▶ [AIM OF THE TASK]:
Please print, exactly, only the lines in the entries below from the line that has "Enigma De Sophia (O): Da Sombra A C" through the line that has "IEM克拉科夫2026：铁幕四合锁胜局！MOUZ 2-0 FaZe". Pictures don't go in.

▶ [SUPPLIED ENTRIES]:
*-*-*

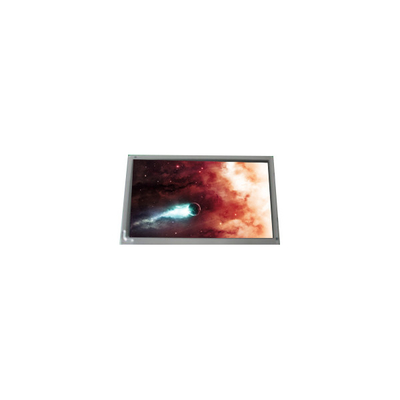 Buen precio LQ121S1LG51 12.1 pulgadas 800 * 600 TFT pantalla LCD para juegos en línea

*-*-*

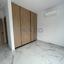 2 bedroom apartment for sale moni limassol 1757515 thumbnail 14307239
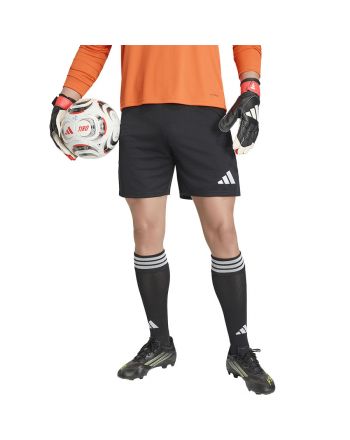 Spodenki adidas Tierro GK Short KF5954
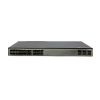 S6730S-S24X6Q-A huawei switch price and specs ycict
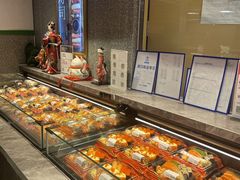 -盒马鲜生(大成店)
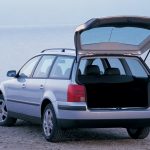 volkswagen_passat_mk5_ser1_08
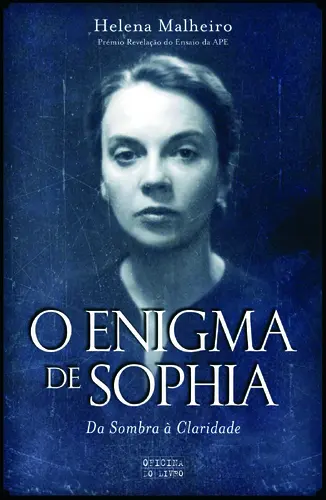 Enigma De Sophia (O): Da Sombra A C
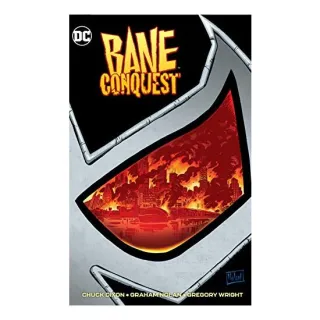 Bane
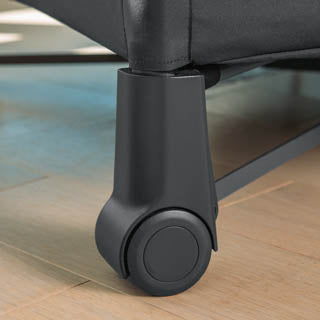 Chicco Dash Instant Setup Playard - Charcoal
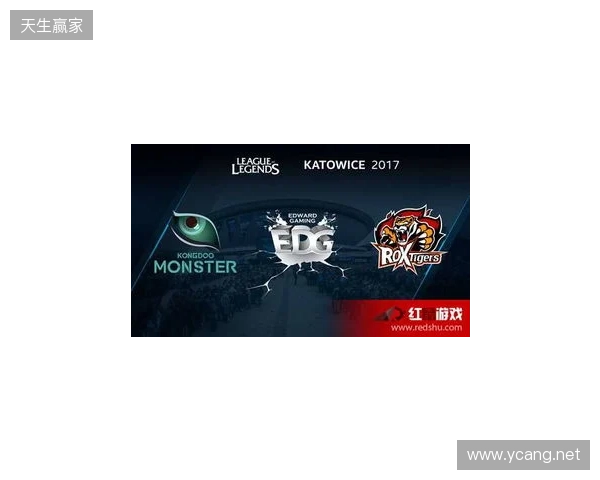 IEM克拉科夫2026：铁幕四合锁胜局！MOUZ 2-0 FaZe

*-*-*

▶ [YOUR RESPONSE]:
 Enigma De Sophia (O): Da Sombra A C
 Bane
 Chicco Dash Instant Setup Playard - Charcoal
 IEM克拉科夫2026：铁幕四合锁胜局！MOUZ 2-0 FaZe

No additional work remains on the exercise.